EXTRACTED MATERIAL Start Marker
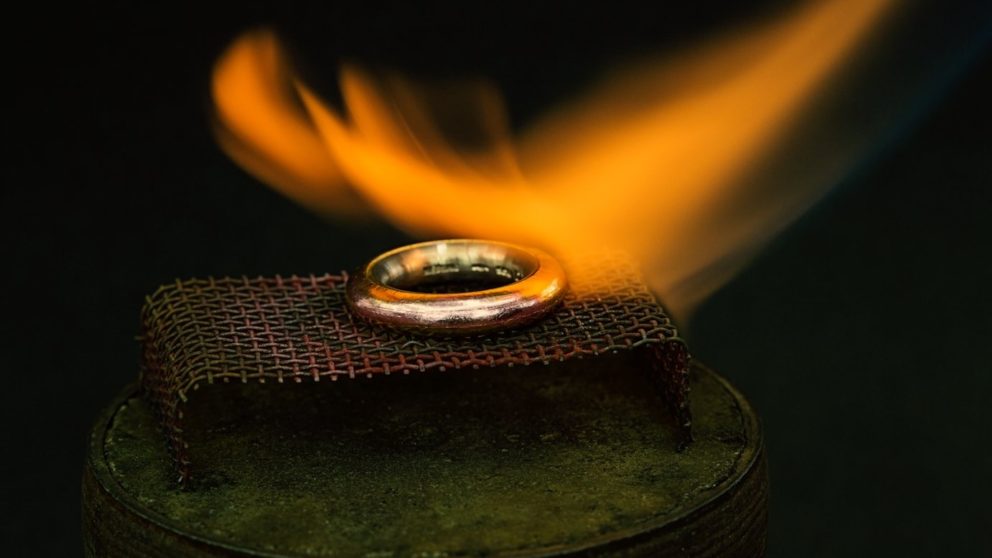 Niessing Ring im Feuer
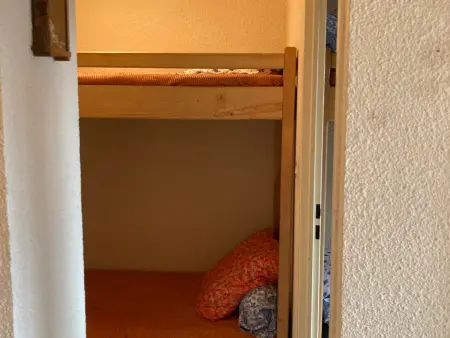Appartement cosy au pied des pistes avec balcon, ascenseur, casier à skis et parking gratuit - Photo 2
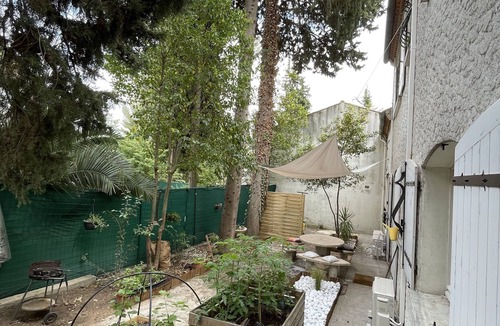 Cite Gely Villa | Le Jardin des Poetes Villa de Charme Avec spa Exterieur en Centre Ville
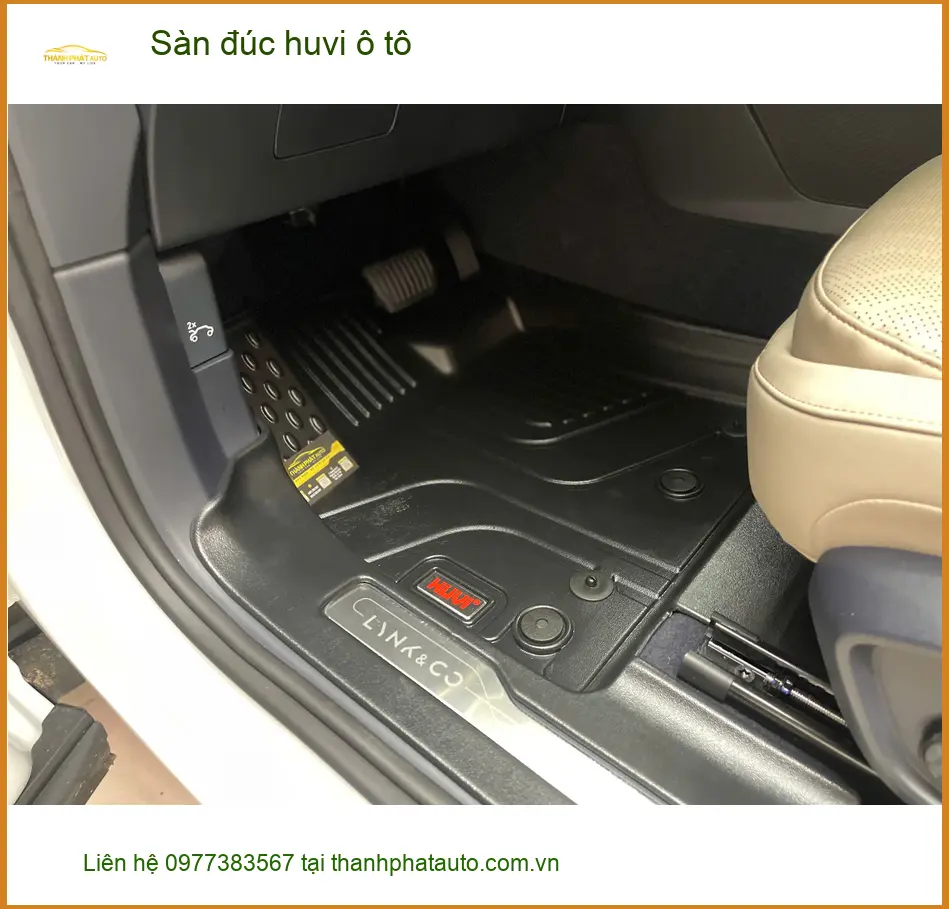 Anh Khánh lắp sàn đúc huvi ô tô cho Hyundai Accent tại Hóc Môn để nội thất luôn sạch sẽ ảnh thực tế 4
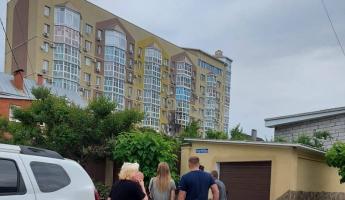 В Воронеже беспилотник влетел в многоэтажку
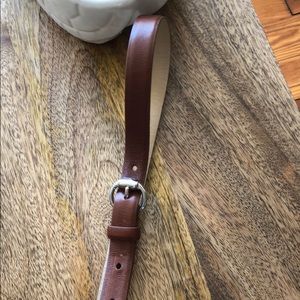 Banana Republic Leather Skinny Belt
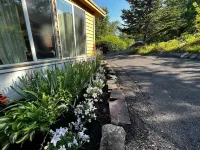 Nature Mountain Retreat with Outdoor Hot Tub and Sauna Spa Experience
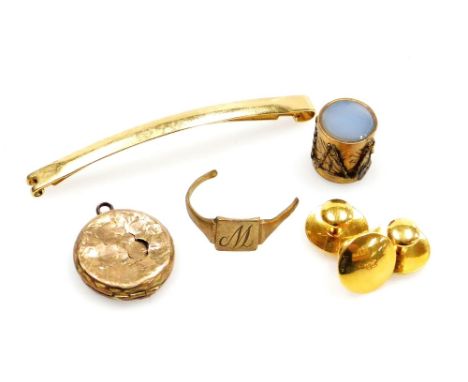 Jewellery, comprising three collar studs, yellow metal stamped 18, 4.5g, a locket, agate set drum charm, part signet ring and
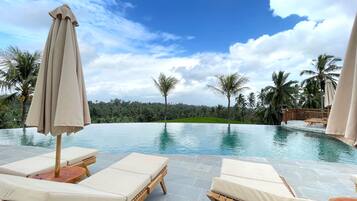 Kolam renang outdoor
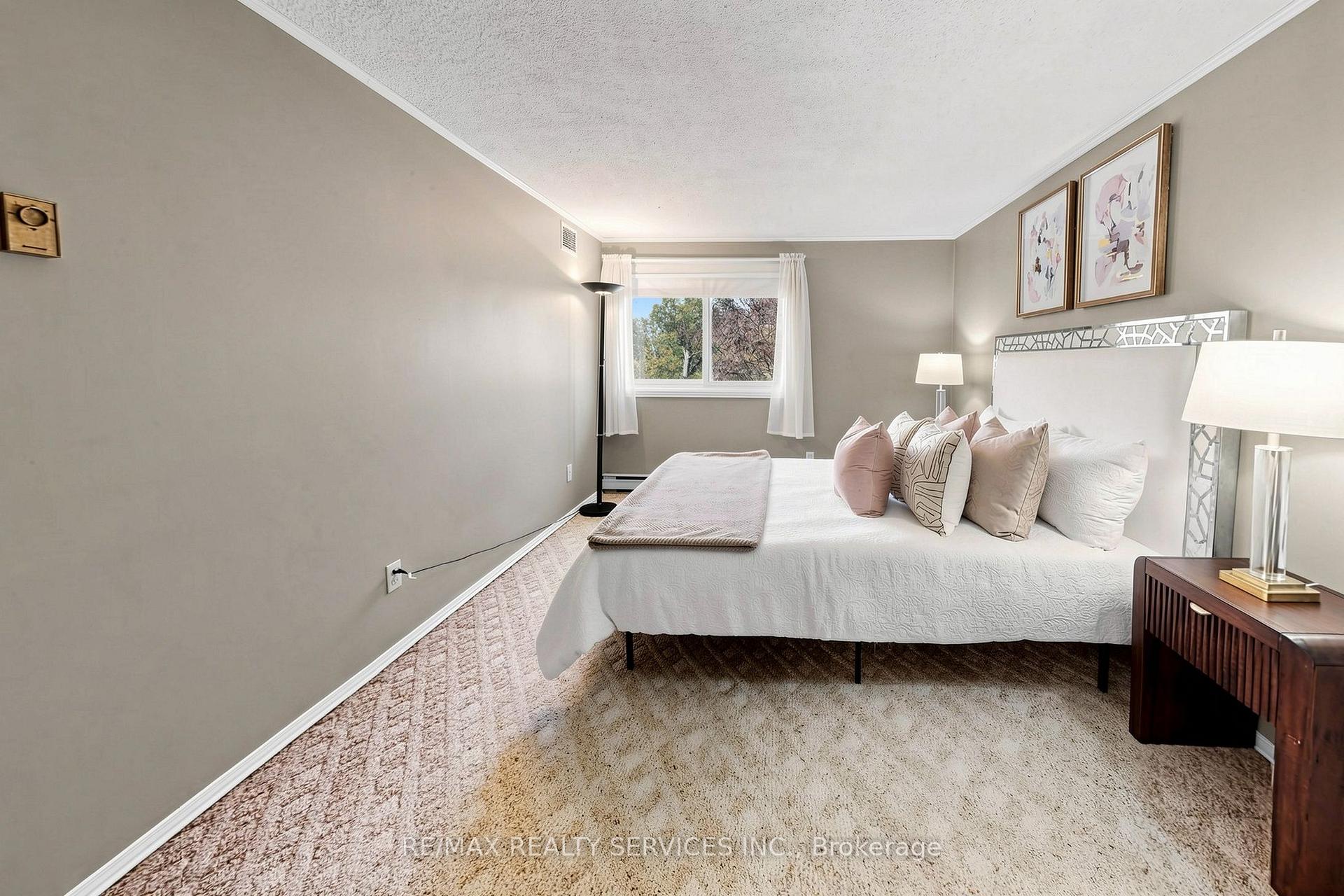 Photo 22 of 25 Jennifer Square, Brampton, Northgate — HOMEH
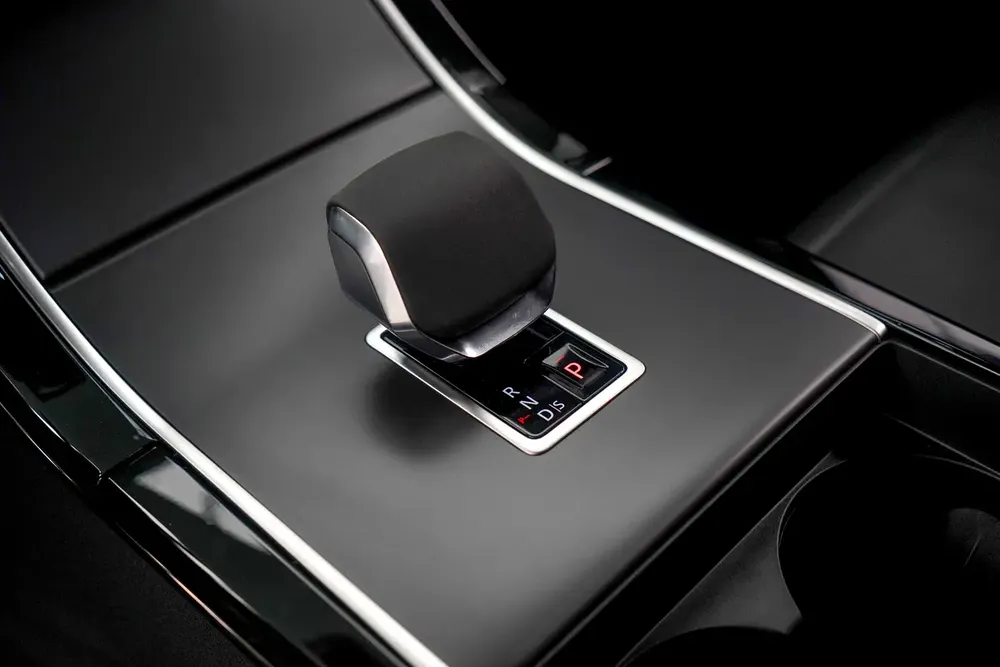 2024 RANGE ROVER VELAR SE P250 DYNAMIC / PANORAMIC ROOF / 20 INCH / DEALER WARRANTY - Image 10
EXTRACTED MATERIAL End Marker
## WHAT THIS TASK INVOLVES
Once you find the line with "Banana Republic Leather Skinny Belt", restate it and every later line of the data word for word, excluding the pictures.

## SOLUTION TO THE EXERCISE
 Banana Republic Leather Skinny Belt
 Nature Mountain Retreat with Outdoor Hot Tub and Sauna Spa Experience
 Jewellery, comprising three collar studs, yellow metal stamped 18, 4.5g, a locket, agate set drum charm, part signet ring and
 Kolam renang outdoor
 Photo 22 of 25 Jennifer Square, Brampton, Northgate — HOMEH
 2024 RANGE ROVER VELAR SE P250 DYNAMIC / PANORAMIC ROOF / 20 INCH / DEALER WARRANTY - Image 10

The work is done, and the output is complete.